The dragon's head flinched back, its eyes flaring in surprise and rage. It turned its gaze from Zuzu, focusing on this new, fiery irritant.
It was the opening she needed.
Zuzu planted her feet, her voice ringing like a clear, cold bell through the chaos of the storm.
"Star dust crust!"
The air around her froze. A massive lance of pure, bright light shot through the air, gleaming with intricate, blossom-like symbols along its shaft. It moved with impossible speed and precision. The dragon's body twisted in a futile attempt to evade, but it was too late.
The lance struck its chest, piercing through the storm-forged scales with a sound like a mountain cracking open. It embedded itself deep into the creature's core.
The beast roared a sound of pure, agonized fury that seemed to split the heavens themselves and then collapsed. The earth shook with the impact of its fall.
Silence fell, broken only by the hiss of rain on the dragon's cooling scales and the crackle of dissipating lightning.
All around them, Arcadian soldiers lowered their weapons, their eyes wide in a mixture of awe and disbelief.
Shiro dropped to his knees, panting, his brief flare of power extinguished. Steam rose from his shoulders where the rain met his overheated skin.
Zuzu turned to him, her chest heaving. "You... actually helped," she said, a note of genuine surprise in her voice.

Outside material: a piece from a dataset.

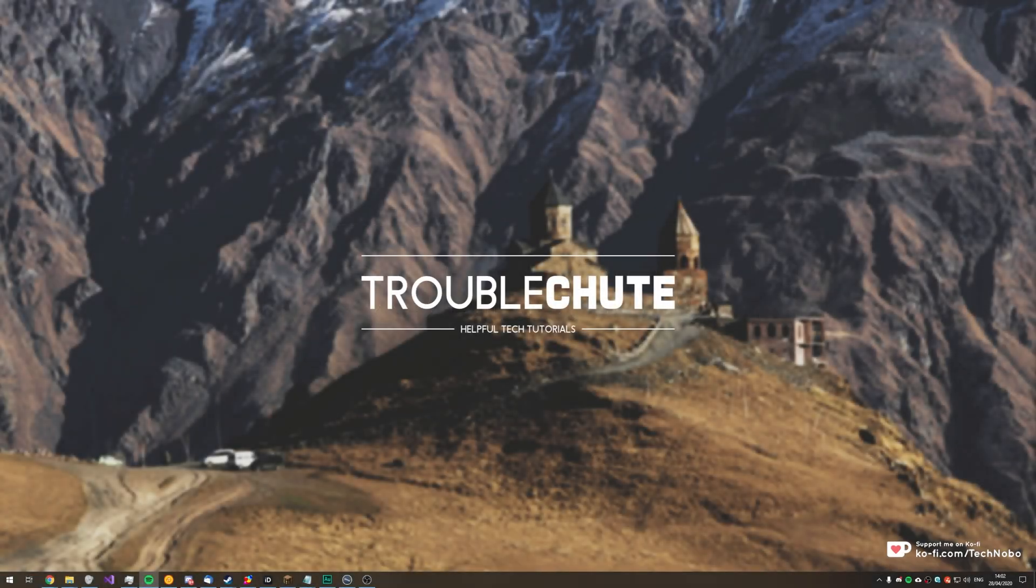What's up guys, my name is Technobo here for Troubleshoot and today I've got an incredibly useful video for you that goes through setting up and using the Steam Desktop Authenticator.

He chuckled faintly, the sound rough in his throat. "You weren't bad yourself."
She offered a hand and pulled him to his feet.
Shiro managed a tired smile, despite the pain throbbing beneath his bandages. "Yeah, you're welcome."

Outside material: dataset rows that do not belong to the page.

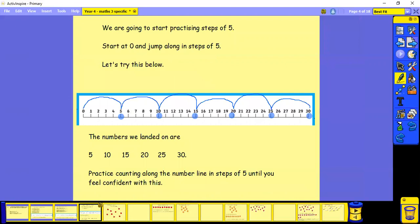So today we're going to start looking at steps of five. We start at zero and we're going to jump along in steps of five. So I've shown this on the number line below to help you. So we start at zero.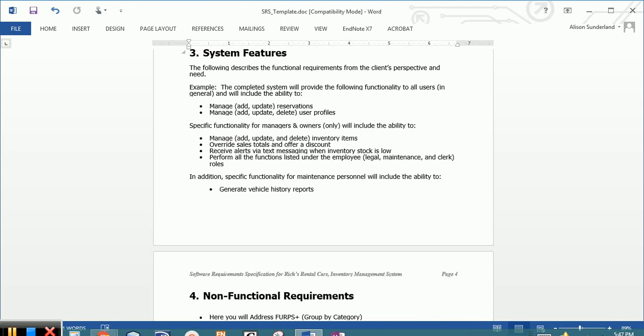What I want you to do is imagine what each user group is going to be doing within the system. There is an example of functionality for all users, and for managers and owners, and for maintenance personnel. I would encourage you to take a look at these examples and build upon this.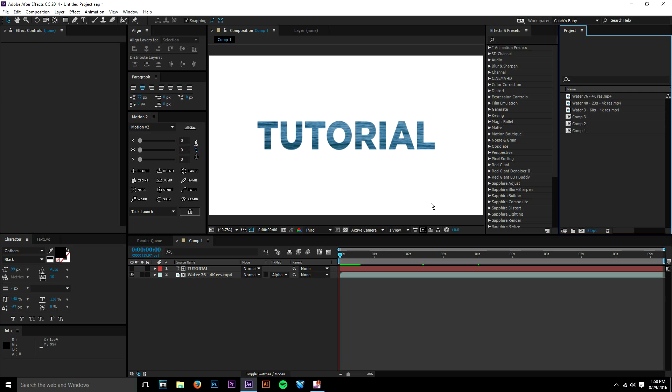Hey, what's going on guys, it's Caleb, and today I have a very quick After Effects tutorial that's going to be going over filling text with a video. You could also do this with vector objects, logos, or really anything you want - as long as it can be filled, you can do it with this technique.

'Looks like my elemental powers are slowly coming back,' he thought, a tiny spark of hope igniting within him.
Zuzu studied him, her head tilted. "Seeing how you use fire blasts... are you a fire mage or something?"
"None of those," Shiro replied, wiping mud from his face.
"Then what are you?" she pressed, her curiosity piqued. "It's impossible to do fire magic without incantations."
"Well," Shiro said with a weak shrug, "it wouldn't hurt to be like me."As he pats zuzu head.
"Huhhh....?" Zuzu blinked, perplexed, as Shiro simply gave a casual wave and began to walk away, heading in the direction of Arcadia to meet up with Rael.
"See you some time later," he called over his shoulder without looking back.
Zuzu and the remaining soldiers could only watch him go, the mysterious, shirtless warrior who fought with a forgotten power, disappearing into the mist as strangely as he had arrived.
---
INT. ADVENTURER'S GUILD, ARCADIA - DAY
The guild hall was a cacophony of clinking mugs, shouted conversations, and the rustle of mission parchments. Shiro stood near the entrance, feeling distinctly out of place.
Rael leaned against the wall beside him, grinning. "Ohhh, you came.... You decided to take my advice."
"No," Shiro corrected flatly, his arms crossed. "I'm just doing this to get my allowance from taking a few missions."
As both Rael and Shiro joined the line for the rank check-up, the buzz of the guild seemed to swell around them, unaware that the man who had just faced down a Storm Bringer Dragon was now waiting to be registered as a lowly provisional adventurer.